Chapter 8. Using AMQ Streams with Kafka Connect
Use Kafka Connect to stream data between Kafka and external systems. Kafka Connect provides a framework for moving large amounts of data while maintaining scalability and reliability. Kafka Connect is typically used to integrate Kafka with database, storage, and messaging systems that are external to your Kafka cluster.
Kafka Connect runs in standalone or distributed modes.
- Standalone mode
- In standalone mode, Kafka Connect runs on a single node. Standalone mode is intended for development and testing.
- Distributed mode
- In distributed mode, Kafka Connect runs across one or more worker nodes and the workloads are distributed among them. Distributed mode is intended for production.
Kafka Connect uses connector plugins that implement connectivity for different types of external systems. There are two types of connector plugins: sink and source. Sink connectors stream data from Kafka to external systems. Source connectors stream data from external systems into Kafka.
You can also use the Kafka Connect REST API to create, manage, and monitor connector instances.
Connector configuration specifies details such as the source or sink connectors and the Kafka topics to read from or write to. How you manage the configuration depends on whether you are running Kafka Connect in standalone or distributed mode.
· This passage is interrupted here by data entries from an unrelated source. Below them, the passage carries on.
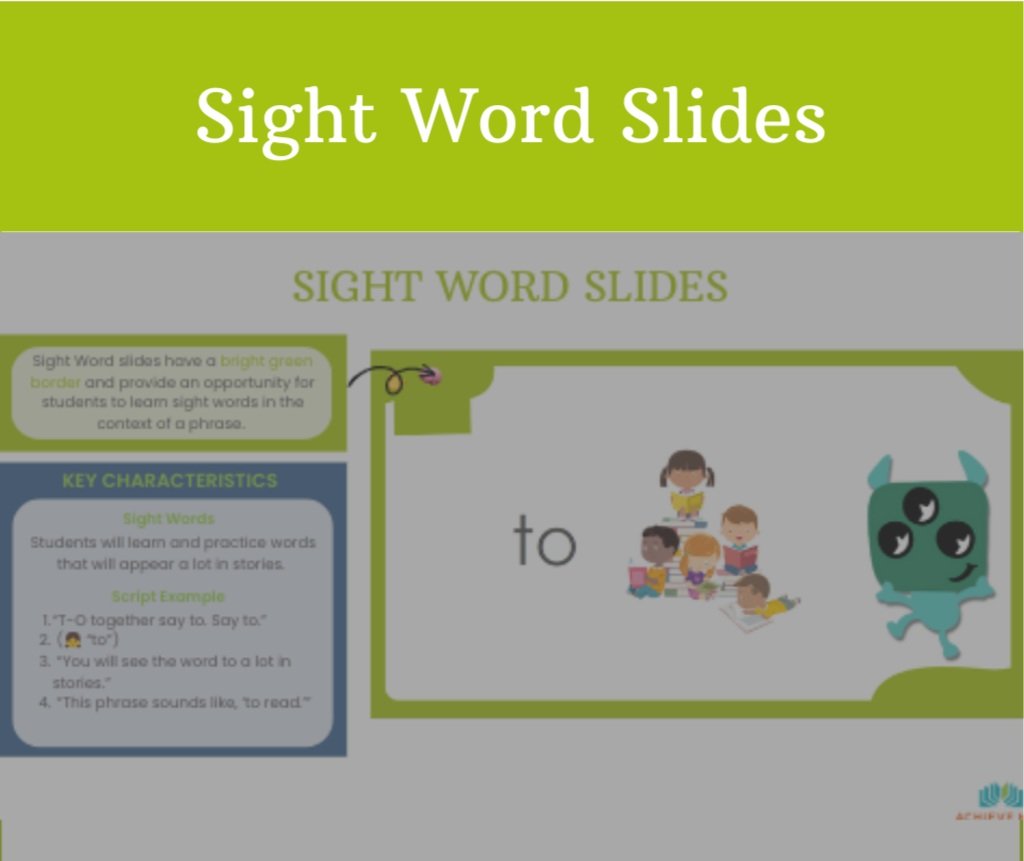 Coach resources word family components achieve now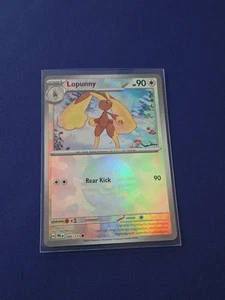 Tarjeta Lopunny Pokeball Reverse Holo - Prismatic Evolutions 084/131 - Imagen 1 de 2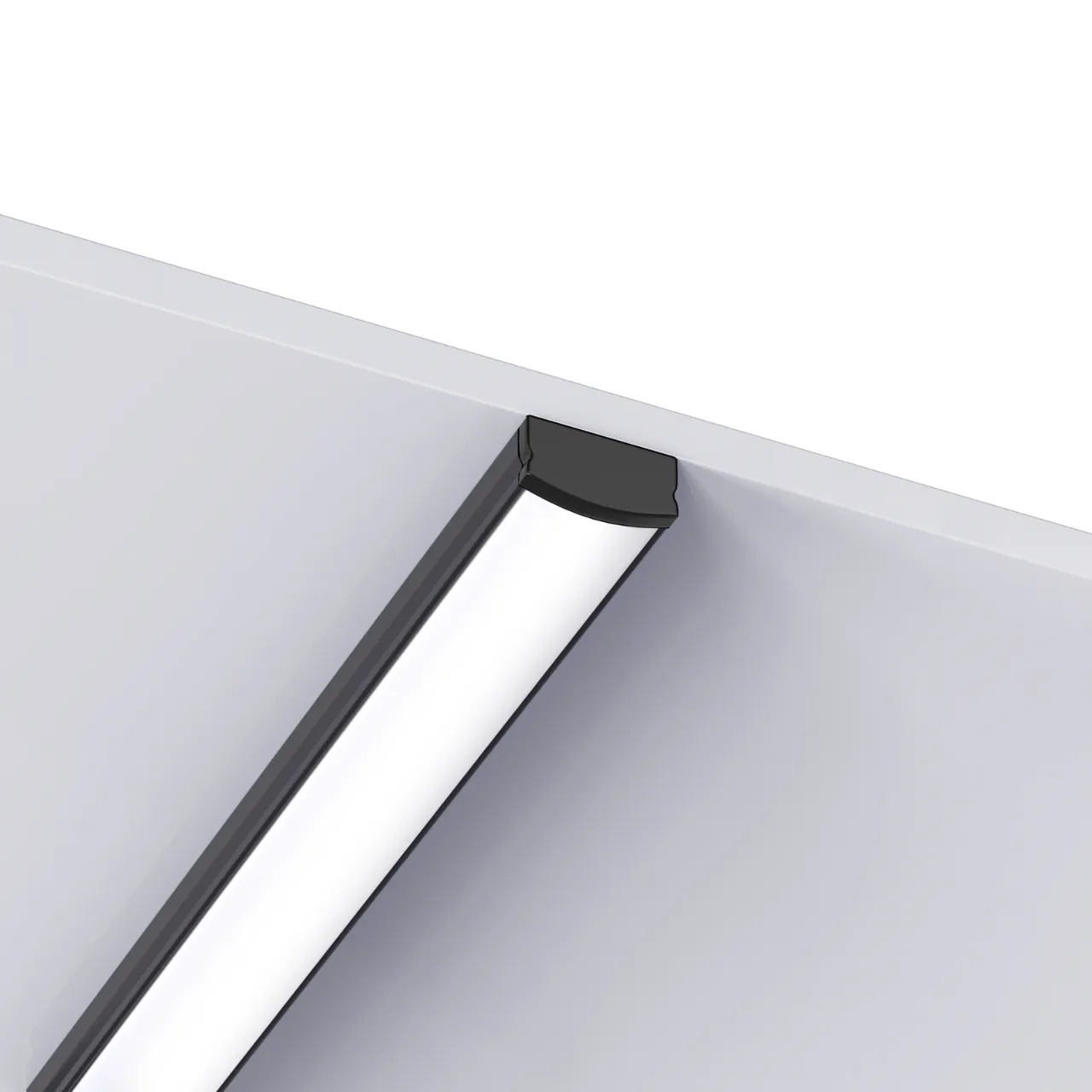 [LPF0109020] 109020 - 2 meter Oppervlakte Aluminium Profiel voor LED Strip Multi Purpose Zwart - LDL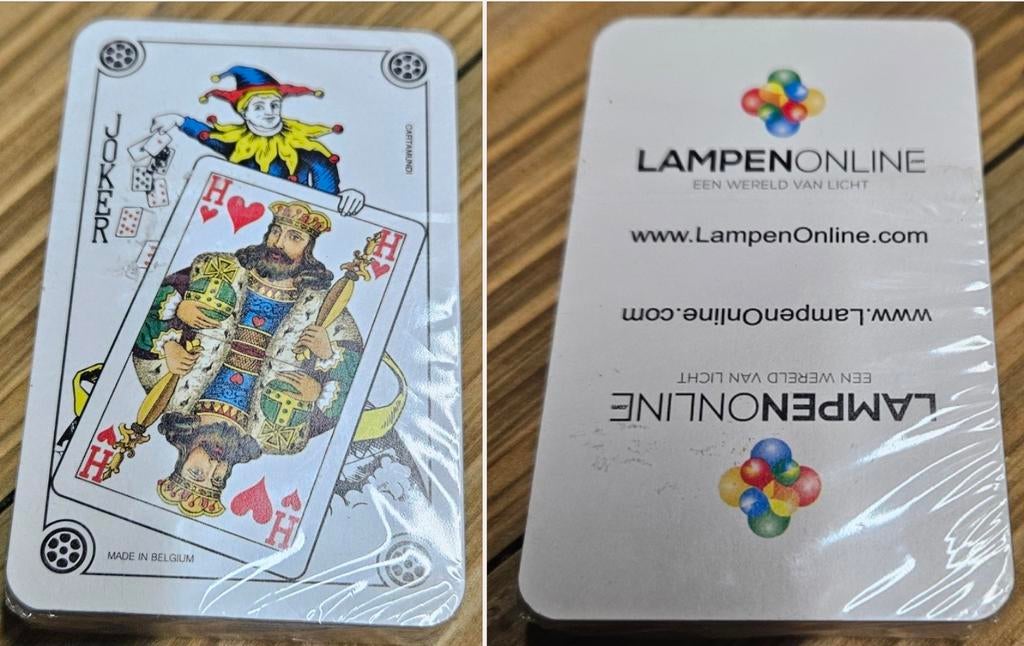 LampenOnline speelkaarten NIEUW
Dit zijn nieuwe, Verzamelen, Ophalen of Verzenden, Speelkaart(en)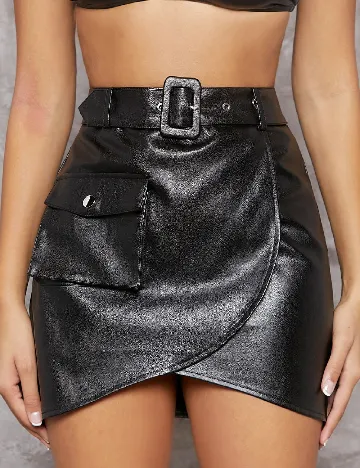 Fusta SHEIN, negru Negru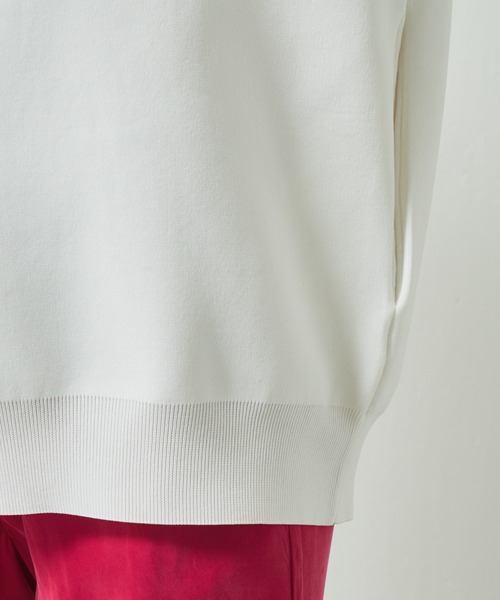 Lui's（ルイス）の「接結ニットパーカー（パーカー・レディース・オフホワイト/グリーン/ブラック・FREE）」の13枚目の写真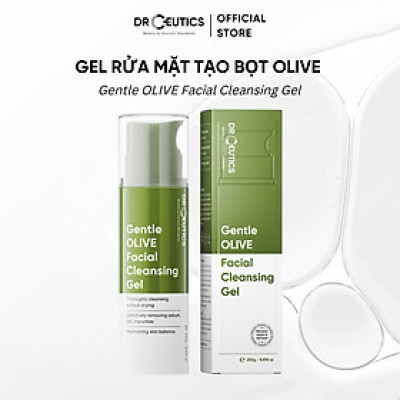 DrCeutics Gel Rửa Mặt Tạo Bọt Gentle OLIVE Facial Cleansing Gel – Dịu Nhẹ, Dành Cho Mọi Loại Da, Da Nhạy Cảm (250g)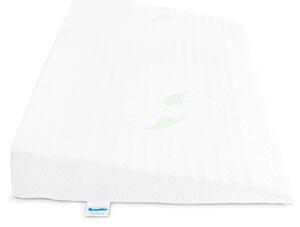 Niemowlęca poduszka - klin do łóżeczka Sensillo Luxe s aloe vera 60x38 cm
- In standalone mode, you can provide the connector configuration as JSON through the Kafka Connect REST API or you can use properties files to define the configuration.
- In distributed mode, you can only provide the connector configuration as JSON through the Kafka Connect REST API.
Handling high volumes of messages
You can tune the configuration to handle high volumes of messages. For more information, see Chapter 11, Handling high volumes of messages.
8.1. Using Kafka Connect in standalone mode
In Kafka Connect standalone mode, connectors run on the same node as the Kafka Connect worker process, which runs as a single process in a single JVM. This means that the worker process and connectors share the same resources, such as CPU, memory, and disk.
8.1.1. Configuring Kafka Connect in standalone mode
To configure Kafka Connect in standalone mode, edit the config/connect-standalone.properties
configuration file. The following options are the most important.
bootstrap.servers
-
A list of Kafka broker addresses used as bootstrap connections to Kafka. For example,
kafka0.my-domain.com:9092,kafka1.my-domain.com:9092,kafka2.my-domain.com:9092
. key.converter
-
The class used to convert message keys to and from Kafka format. For example,
org.apache.kafka.connect.json.JsonConverter
. value.converter
-
The class used to convert message payloads to and from Kafka format. For example,
org.apache.kafka.connect.json.JsonConverter
. offset.storage.file.filename
- Specifies the file in which the offset data is stored.
Connector plugins open client connections to the Kafka brokers using the bootstrap address. To configure these connections, use the standard Kafka producer and consumer configuration options prefixed by producer.
or consumer.
.
8.1.2. Running Kafka Connect in standalone mode
Configure and run Kafka Connect in standalone mode.
Prerequisites
- AMQ Streams is installed and a Kafka cluster is running.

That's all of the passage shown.